Barry couldn’t contain himself.
“Dad! A cat exploded the cakes!”
“It…what?”
“It jumped.”
“It sat.”
“It squashed.”
“It ran away.”
“It climbed Alfie.”
“It didn’t climb me,” Alfie corrected. “It used me briefly as transport.”
Mr Brand looked from one face to another.
Then burst into laughter so hard he forgot about his hamstring.

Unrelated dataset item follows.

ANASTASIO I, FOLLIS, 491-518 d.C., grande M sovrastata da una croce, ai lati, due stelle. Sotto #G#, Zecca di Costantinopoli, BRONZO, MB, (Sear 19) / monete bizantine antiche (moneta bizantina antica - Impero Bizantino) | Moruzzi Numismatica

Immediately afterwards he remembered.
“Owwww!”
Mrs Brand sighed.
“I did tell you not to laugh.”
“It was worth it.”
Barry climbed beside him.
“I’m sorry about the cake.”
Mr Brand smiled.
“I’m not.”
“You aren’t?”
“No.”
“Why?”
“Because in twenty years…”
He rubbed Barry’s hair.
“…nobody will remember who won the cake competition.”
Barry looked puzzled.
“But everyone will remember the day a cat stole the entries.”
Barry smiled.
“I suppose that’s better.”
“I think so too.”
Outside, somewhere in Crouch End, a large ginger cat enjoyed an exceptionally fine afternoon tea.
Perhaps he’d never know he’d ruined a cake competition.
Perhaps he didn’t care.
Cats rarely do.
And as for Barry?
Well…
He genuinely intended to stay out of trouble next weekend.
Everyone else, however…
…thought it would be wise to hide the biscuits.